About the size of a large orange, this citrus fruit gives Earl Grey tea its distinctive aroma, its oil is used in perfumes, cosmetics and, increasingly, in confectionery and pharmaceuticals. The fragrance of the rind and the flower is captivating: Poets lauded it as the fruit of Aphrodite, the Greek goddess of love, beauty and sexuality.





This area is said to be the only place in the world where bergamot – not to be confused with the wildflower of the same name – grows so well. Its roots are deep: The trees survived a 1908 earthquake and tsunami which destroyed much of the surrounding area, including Reggio, whose classical buildings have long since been rebuilt and whose nickname is the City of Bergamot.
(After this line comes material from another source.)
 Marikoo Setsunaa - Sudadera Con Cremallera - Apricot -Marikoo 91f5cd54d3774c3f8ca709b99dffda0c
All along the coast, into the foothills of the Aspromonte Mountains, you can see the ubiquitous fruit. The small trees grow along narrow roadways, in walled home gardens, in tiny groves and in larger plantations. Getting oil out of the rind – it takes about 200 kilograms of fruit for one kg of oil – has been going on here since the mid-18th century, and in its heyday in the 1960s bergamot growers could make a very good living. My wife's grandparents, too, grew bergamot in Pellaro, a town just south of Reggio.

But, then, cheap synthetics started taking over, bergamot groves were abandoned or paved over in the rush to urbanize. The industry hung on by its fingertips, supported by passionate locals who believed bergamot would again be known as the green gold of Calabria. With the help of the Consorzio del Bergamotto, a co-operative of all those involved in bergamot production, a worldwide interest in organics and even research that bergamot juice may lower cholesterol, there's much local hope that the bergamot will again fulfill its historical legacy.



Though there are no official tours of bergamot groves, if you're intrepid, the local tourist office or hotel can find you a taxi driver who can take you to see one. And if you come to Reggio, you can drop by La Bergamotteria, a shop on Via Torrione, just a few steps up from the pedestrian-only Corso Garibaldi shopping strip and venue for the daily evening passeggiata, or stroll. There, you can buy all kinds of items (liqueur, candies, soaps and honey derived from the bergamot) and the owner, Edoardo Sergi, is likely to pull out an album of historical photos of bergamot oil production, such as the mechanical device invented locally to squeeze the oil from the rind.

A few minutes down to the seafront will take you to the wide, graceful esplanade, described by the Italian poet Gabriele d'Annunzio as the "finest kilometre in Italy." The boulevard contains a parallel botanical garden with tropical plants and India rubber trees that are nearly a century old.

From here, on a clear day, you can see Sicily's Mount Etna, whose sporadic eruptions of ash have yet to snuff out the bergamot, which locals believe is a special gift from God.